Phase-Specific Layer (swapped based on state)
  → Planning mode: decomposition, interfaces, risks
  → Execution mode: implementation, testing, iteration
  → Debugging mode: diagnosis, hypothesis testing, isolation

Task-Specific Layer (assembled fresh per task)
  → Current spec, acceptance criteria, relevant contracts, prior attempts

Tools Layer
  → Available tool definitions and parameters

Tool Design Philosophy

Each tool should do one thing, do it completely, and return structured results the LLM can immediately act on.

Bad: LLM calls readFileparseJSONrunCommand (3 calls, 3 failure points)
Good: LLM calls runTests(filter) → gets structured pass/fail with locations (1 call, clean result)

Essential Tools

Tool Returns
runTests Structured results: pass count, fail count, per-failure details
readFiles Batched file contents (array of paths, not one at a time)
writeFile Auto-formats before writing
searchCodebase Grep-like results with file paths and line numbers
getProjectState Manifest + current task spec + related task statuses
updateTaskStatus Handles downstream state updates automatically
buildProject Structured errors with file paths and line numbers
browserCheck Screenshot or structured description of rendered output
commitChanges Enforces conventions, runs pre-commit hooks
revertToCheckpoint Rolls back to last known good state

Prompt Patterns That Maximize Agency

  1. Tell it what it CAN do, not what it can't. "Full authority as long as acceptance criteria and tests pass."
  2. Explicit permission to iterate. "First attempt doesn't need to be perfect.

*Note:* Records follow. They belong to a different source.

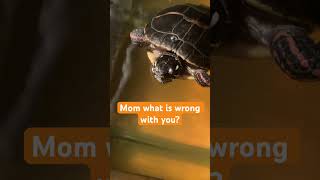 Fart prank but I have a turtle not a dog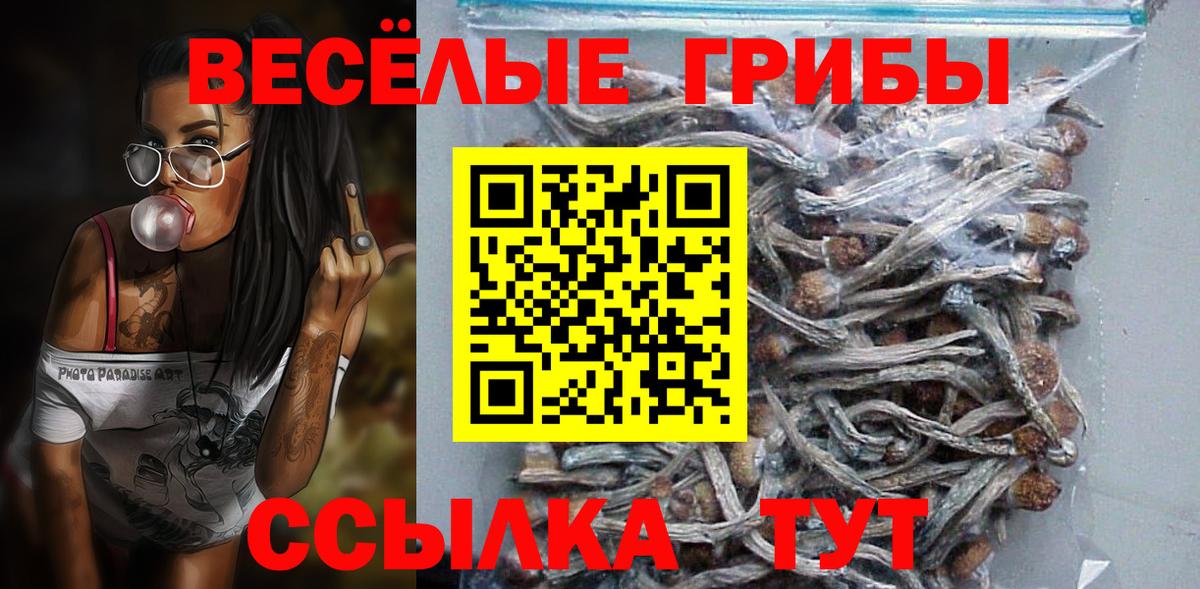 Галлюциногенные грибы Cubensis  Вход с VPN  Галлюциногенные грибы GOLDEN TEACHER  купить   Горячий Ключ 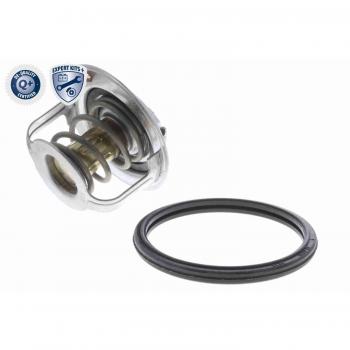 Termostato de Refrigerante ACKOJA A64-99-0009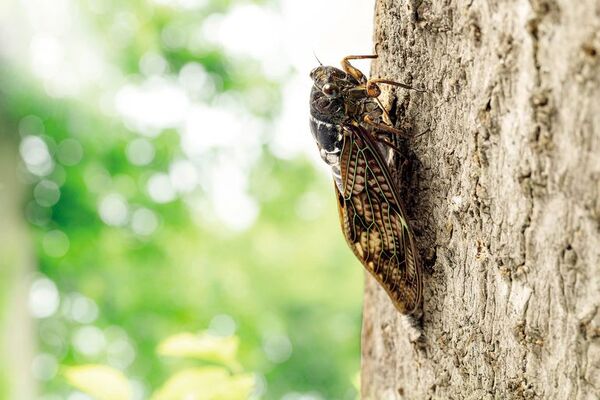 Descubierta una nueva especie de insecto “increíblemente raro” - Ciencia - ABC Color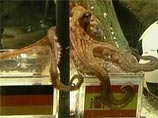 Между тем победу "Красной фурии" предрекал прославившийся на весь мир осьминог Пауль из немецкого Оберхаузена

Write, run, observe, improve."
  3. Clear exit conditions. Concrete, measurable, unambiguous definition of "done."
  4. Built-in scratchpad. "Write reasoning in thinking blocks. Track attempts and outcomes."
  5. Recovery protocol. "After 3 failed approaches, produce structured escalation."

The Meta-Principle

Your TypeScript orchestrator is the deterministic skeleton — workflow, state, context, tools, coordination. The LLM is the reasoning muscle — understanding, creativity, judgment, problem-solving. Neither should do the other's job. When you get this right, the LLM becomes dramatically more capable because it's only doing what it's good at, with exactly the context it needs.